Asymmetry is bad, because it is rather surprising and counter-intuitive
that "x is close to y", but "y is not close to x". It may also be bad in
a practical sense, because people will forget which order they need to
give x and y and will give them in the wrong order. I started off with
an approx_equal function in test_statistics that was symmetric, and I
could never remember which way the arguments went.

Time permitting, over the next day or so I'll draw up some diagrams to
show how each of these tactics change what counts as close or not close.

​If you consider the comparsion to be:

   abs(x-y) <= rel_tol * ref

where "ref" is your "reference" value, then all of these are questions about what "ref" is. Possibilities include:

 * ref = abs(x)
     (asymmetric version, useful for comparing against a known figure)
 * ref = max(abs(x),abs(y))
     (symmetric version)
 * ref = abs(x)+abs(y) or (abs(x)+abs(y))/2
    ​
​​
​ (alternate symmetric version)​

​* ref = zero_tol / rel_tol
     (for comparisons against zero)​
​ * ref = abs_tol/rel_tol
     (for completeness)​​

​If you're saying:

 >>> z = 1.0 - sum([0.1]*10)​
​​​​​
​ >>> z == 0
 False
 >>> is_close(0.0, z)
 True

your "reference" value is probably really "1.0" or "0.1" since those are the values you're working with, but neither of those values are derivable from the arguments provided to is_close().

Assuming x,y are non-negative and is_close(x,y,rel_tol=r):

 ref = x:
   -rx <= y-x <= rx

 ref = max(x,y):
   -rx <= y-x <= ry

 ref = (x+y)/2:
   -r*(x+y)/2 <= y-x <= r*(x+y)/2  
​   ​
​If you set r and x as a constant​, then the amounts y can be (below, above) x for the cases above are:

 rx, rx
 rx, rx/(1-r)
 rx/(1+r/2), rx/(1-r/2)

Since r>0, 1-r != 1, and 1+r/2 != 1-r/2, so these each give slightly different ranges for a valid y. They're pretty trivial differences though; eg r=1e-8 and x=10 gives:

 rx         = 1e-7
 rx/(1-r)   = 1.00000001e-07
 rx/(1-r/2) = 1.000000005e-07
 rx/(1+r/2) = 0.999999995e-07

If you're looking at 10% margins for a nominally 100 Ohm resistor (r=0.1, x=100), that'd translate to deltas of:

 rx         = 10.0
 rx/(1-r)   = 11.11
 rx/(1-r/2) = 10.526
 rx/(1+r/2) =  9.524

Having an implementation like:

 def is_close(a, b=None, tol=1e-8, ref=None):
   assert (a != 0 and b != 0) or ref is not None
   if b is None:
     assert ref is not None
     b = ref
   if ref is None:
     ref = abs(a)+abs(b)
   return abs(a-b) <= tol*ref

might give you the best of all worlds -- it would let you say things like:

  >>> is_close(1.0, sum([0.1]*10))
  True

  >>> is_close(11, ref=10, tol=0.1)
  True

  >>> n = 26e10
  >>> a = n - sum([n/6]*6)
  >>> b = n - sum([n/7]*7)
  >>> a, b
  (-3.0517578125e-05, 0.0)
  >>> is_close(a, b, ref=n)
  True
  >>> is_close(a, b, ref=1)
  False
  >>> is_close(a, b)
  AssertionError

and get reasonable looking results, I think? (If you want to use an absolute tolerance, you just specify ref=1, tol=abs_tol).
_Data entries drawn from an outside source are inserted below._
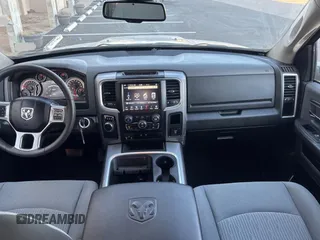 2023 Ram 1500 SLT z VIN 1C6RR6LG6PS533811, wystawiony jako Copart lot #49743065 z przebiegiem 10 320 mil mil oraz Czysty tytuł • Clean title. Historia ofert i sprzedaży dostępna na DreamBid. Obrazek 9.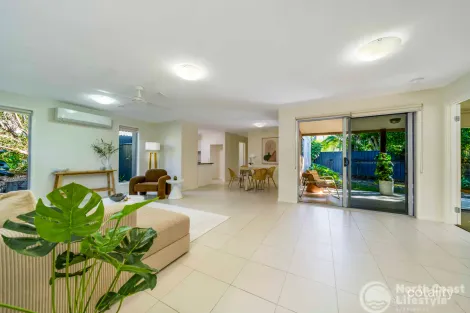 Property photo of 7 Hart Court Ocean Shores NSW 2483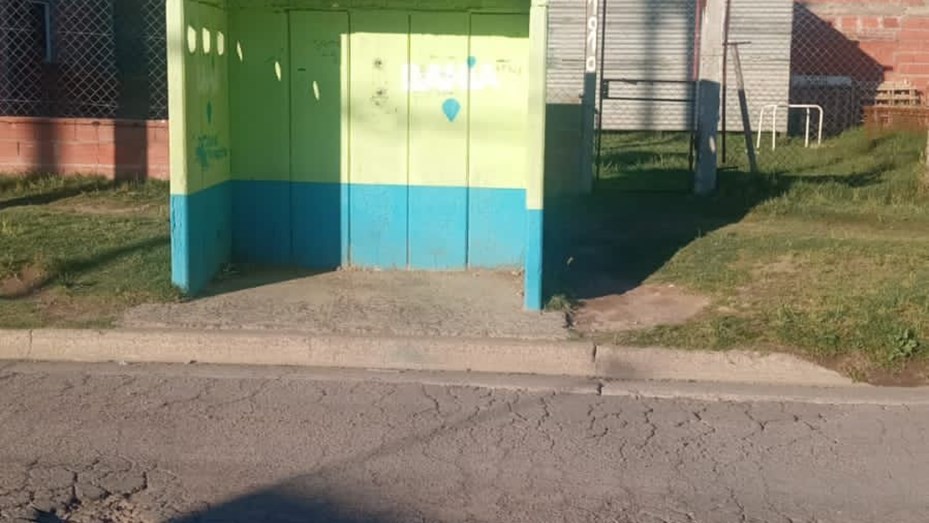 Detuvieron al acusado de exhibir sus genitales y manosear a un mujer en la parada de colectivos | Nacionales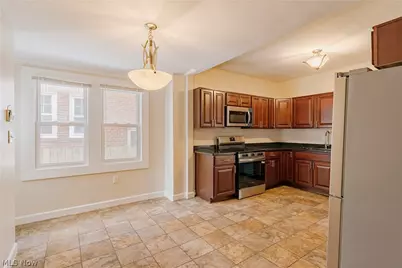 14915 Clifton Boulevard, Oakwood, OH 44107 - Photo 13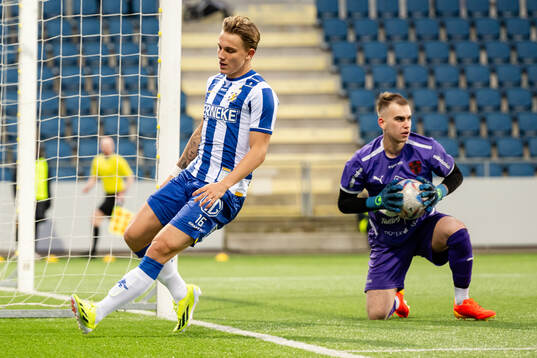 IFK Göteborgs Linus Carlstrand och Nordic Uniteds målvakt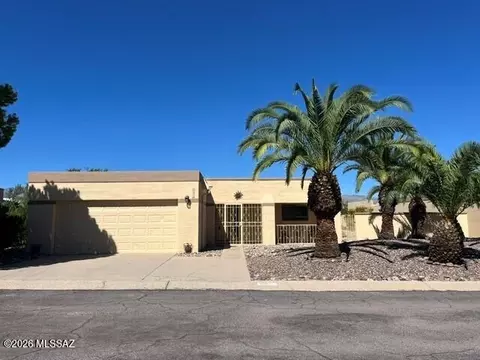 8905 E Seneca St, Tucson, AZ 85715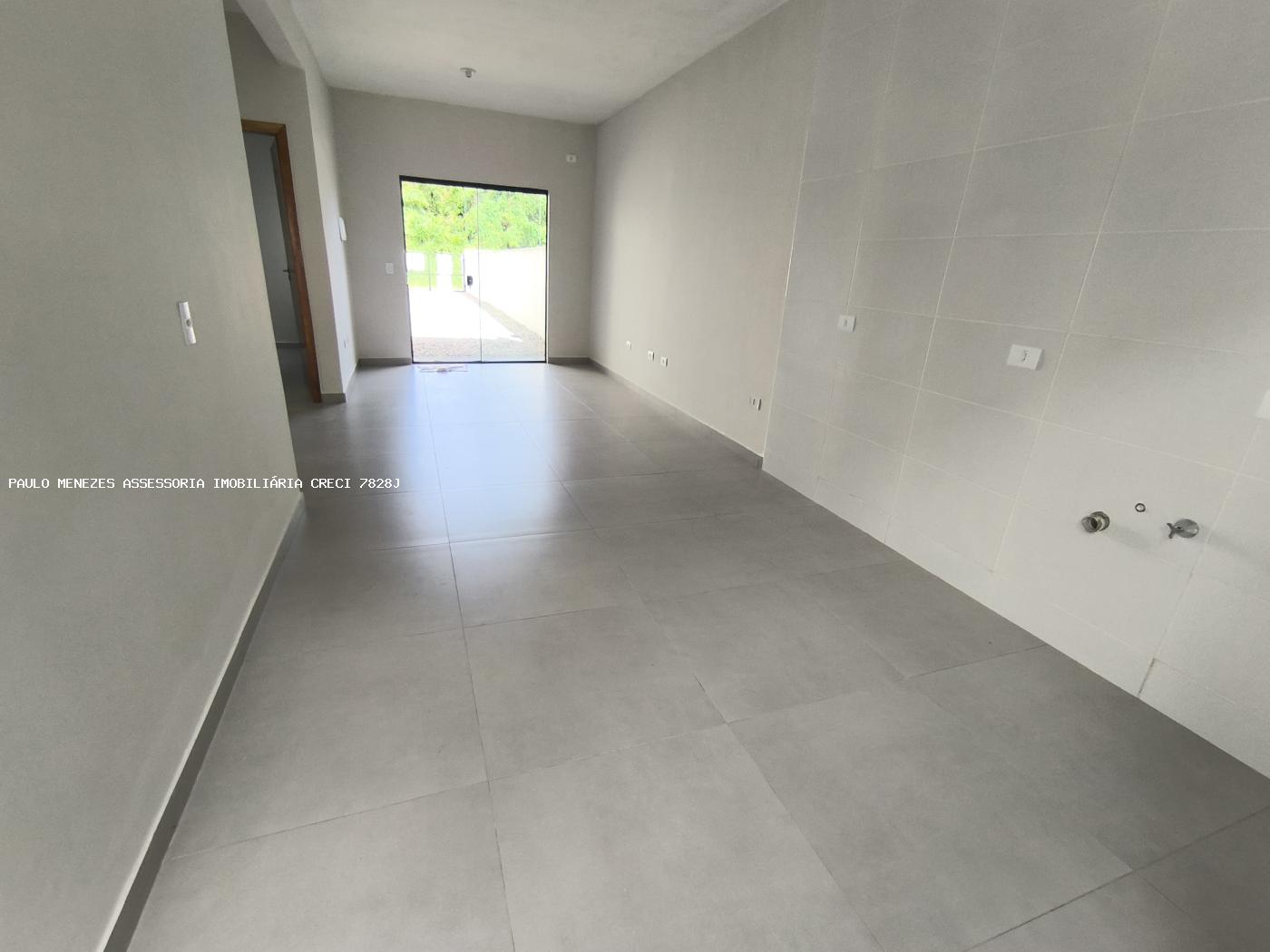 Casa à venda com 3 quartos, 130000m² - Foto 13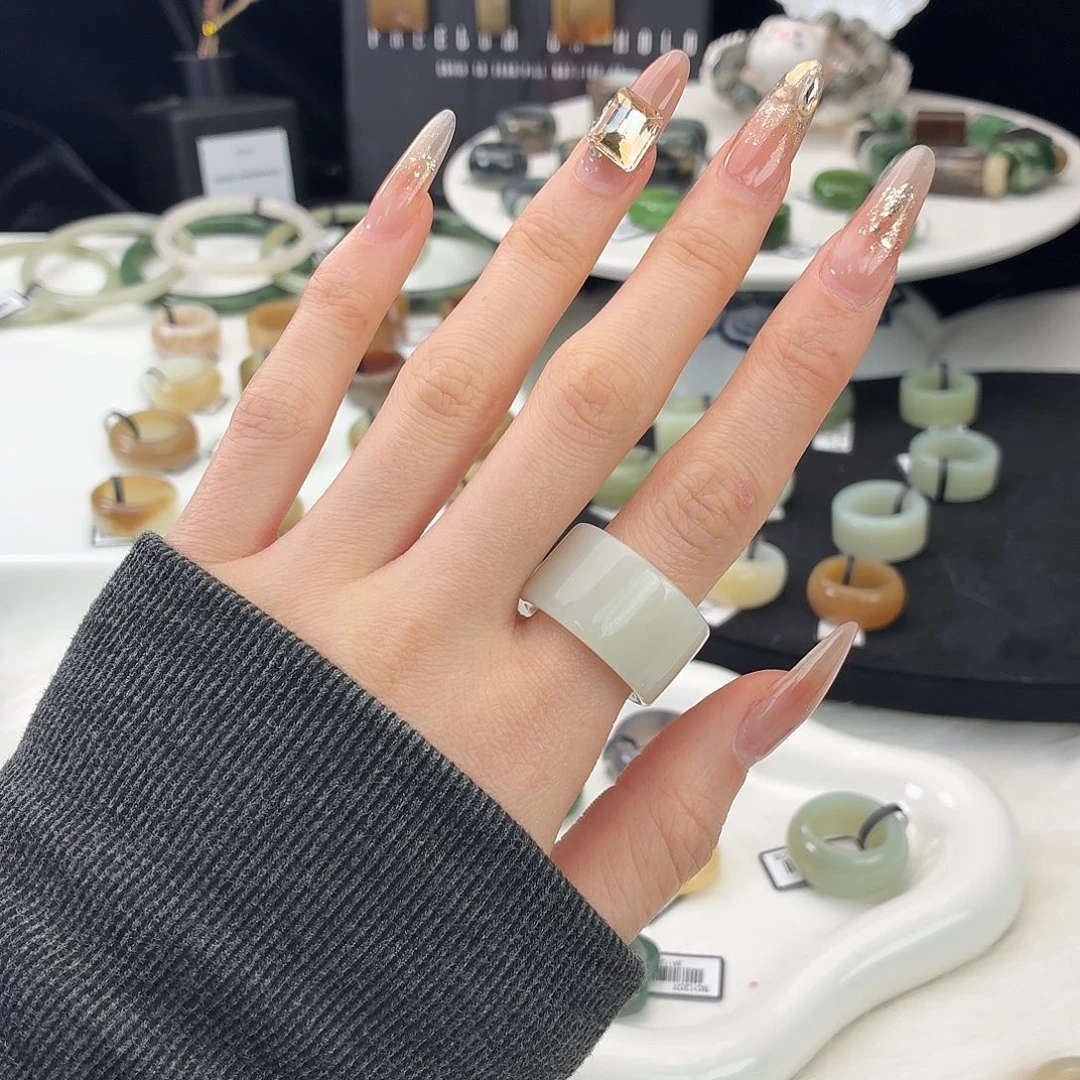 耳***耳和田玉（糖玉）未镶嵌戒指j231俄白直切18.2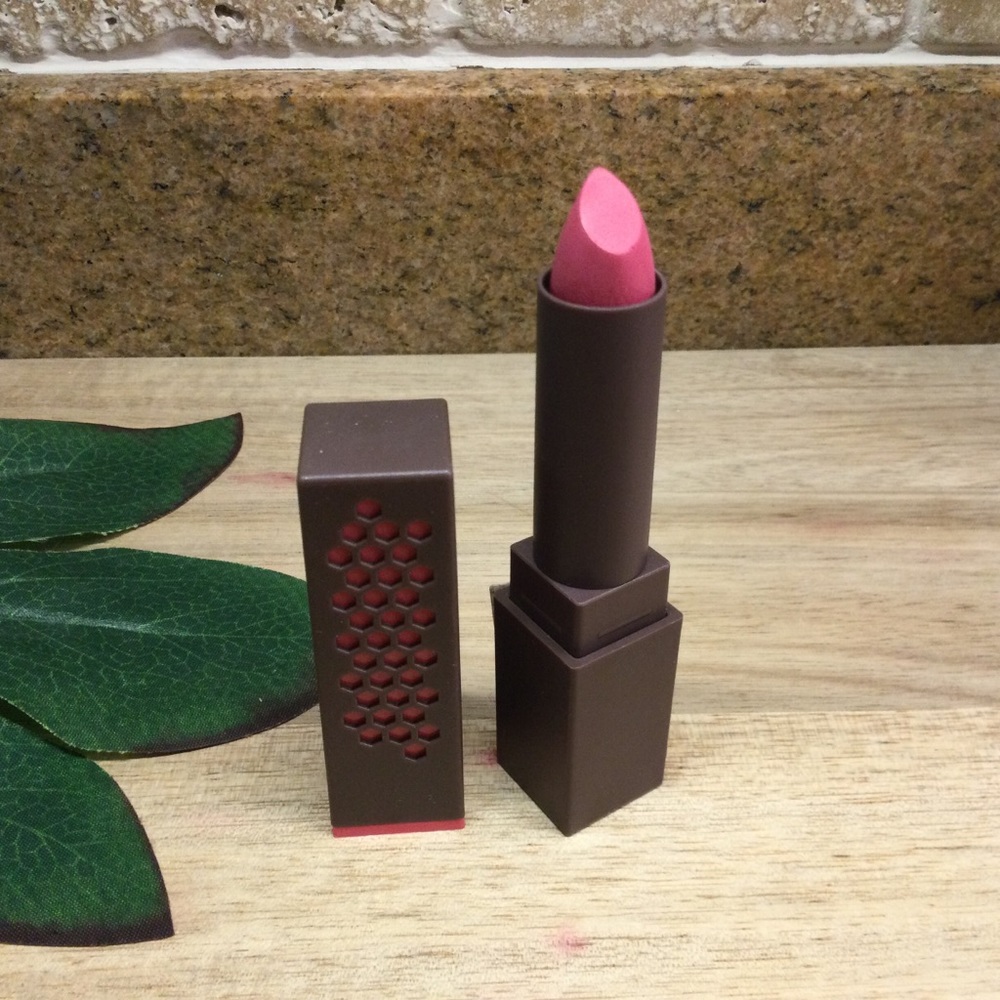 New Burt’s Bees Satin Lipstick - Fuchsia Flood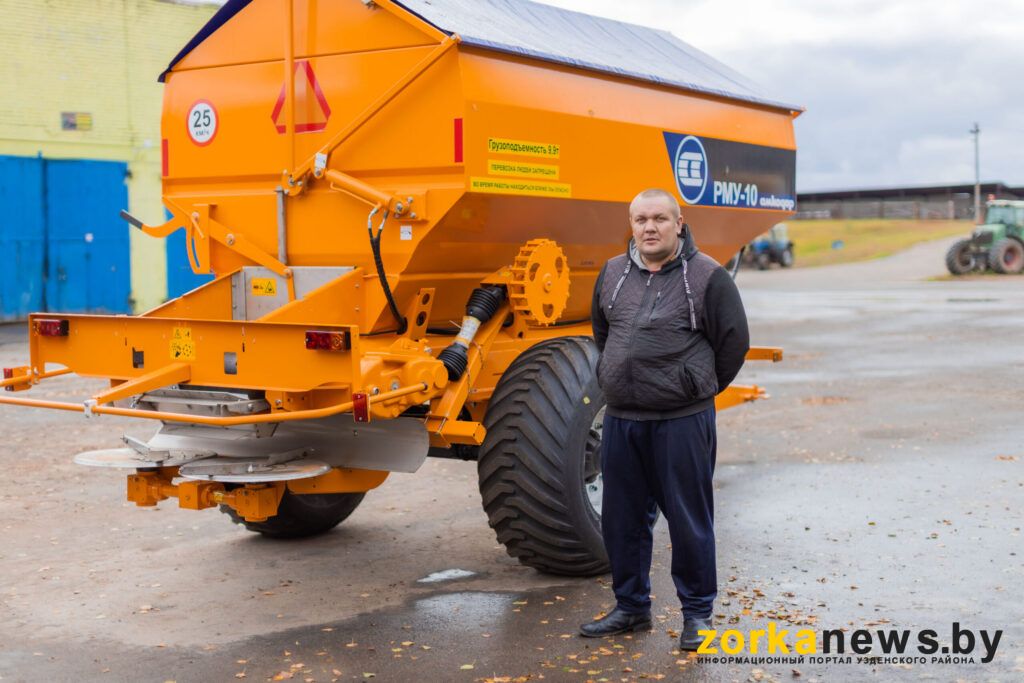 Яркая новинка «Амкодора» пополнила автопарк экспериментальной базы имени Котовского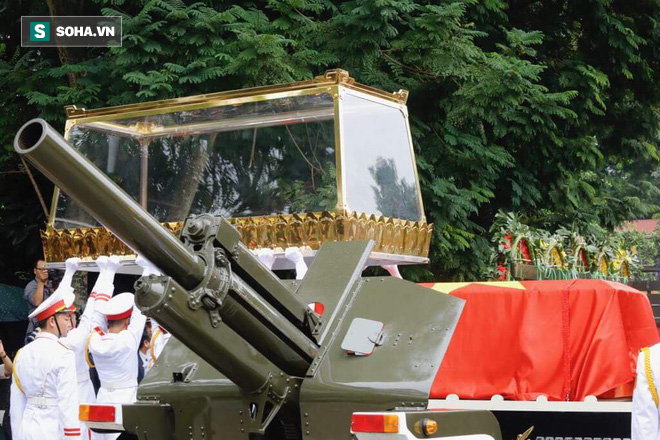 Xe tang đưa linh cữu Chủ tịch nước Trần Đại Quang về quê hương Ninh Bình - Ảnh 25.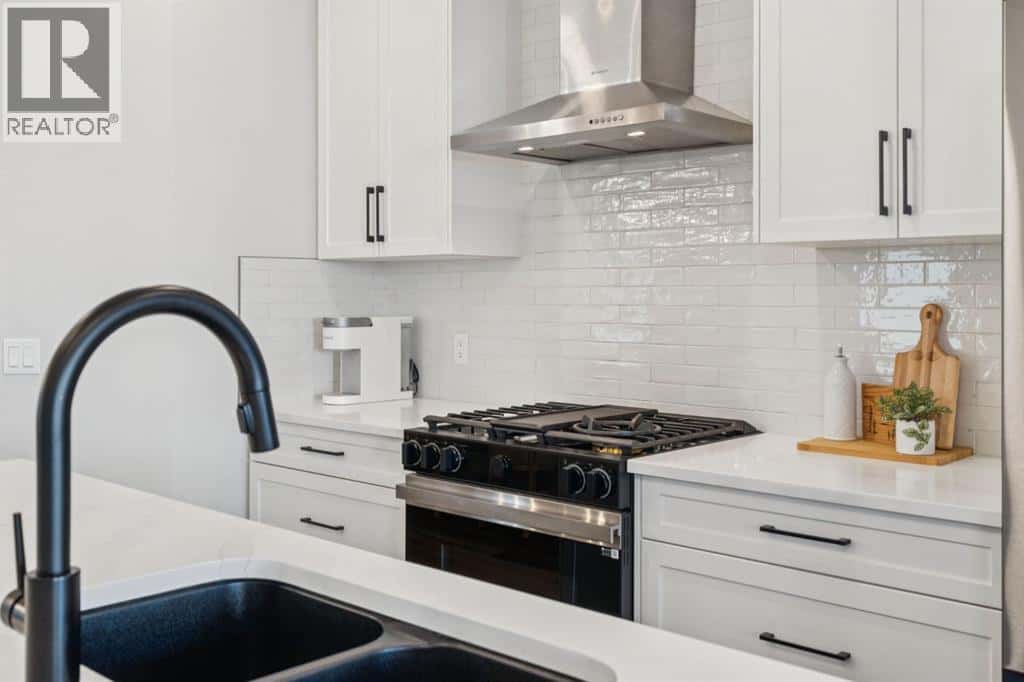 196 Emberside Hollow — Cochrane, Alberta - Photo 5 of 29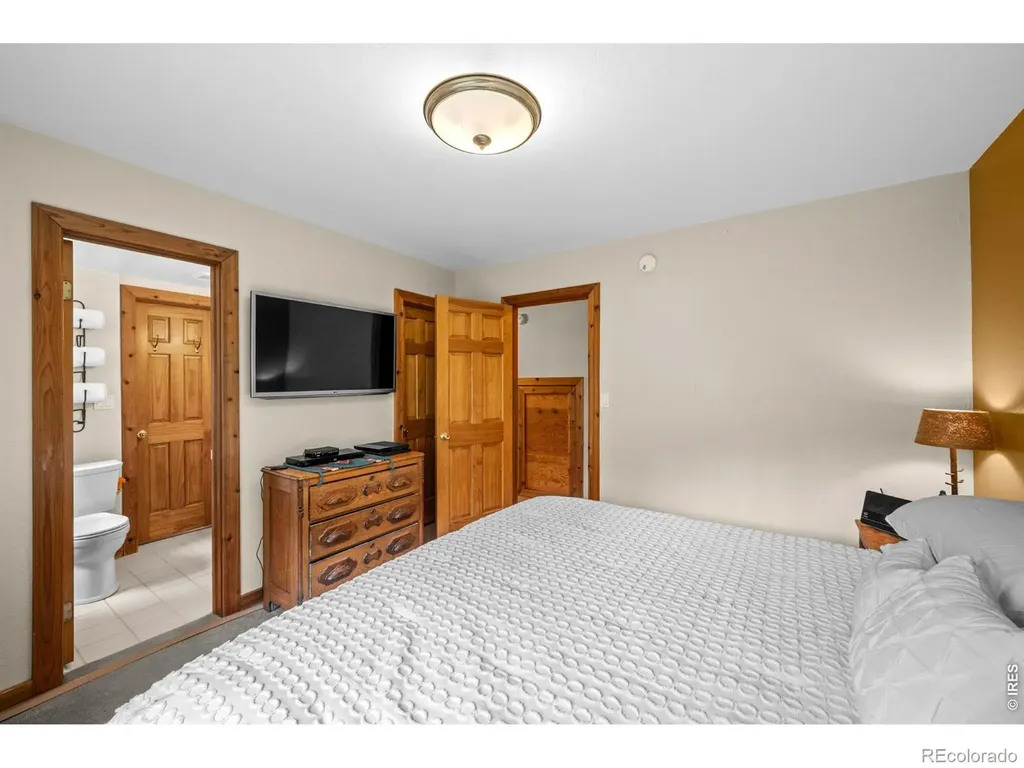 310 Wendelyn Way Boulder CO 80302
An alternative thought: rather than a single "is_close" function, maybe it would make sense for is_close to always be relative, and just provide a separate function for absolute comparisons, ie:

 def is_close(a, b, tol=1e-8):
    assert a != 0 and b != 0
    # or assert (a==0) == (b==0)
    return abs(a-b) <= tol*(a+b)

 def is_close_abs(a,b, tol=1e-8):
    return abs(a-b) <= tol

​ def is_near_zero(a, tol=1e-8):
    return abs(a) <= tol​

 
Then you'd use is_close() when you wanted something symmetric and easy, and were mopre interested in rough accuracy than absolute precision​, and if you wanted to do a 10% resistor check you'd either say:

   is_close_abs(r, 100, tol=10)

or

   is_near_zero(a-100, tol=10)

If you had a sequence of numbers and wanted to do both relative comparisons (first n significant digits match) and absolute comparisons you'd just have to say:

  for a in nums:
     assert is_close(a, b) or is_close_abs(a, b)

​which doesn't seem that onerous.​

​Cheers,
aj​

--
Anthony Towns <aj@erisian.com.au>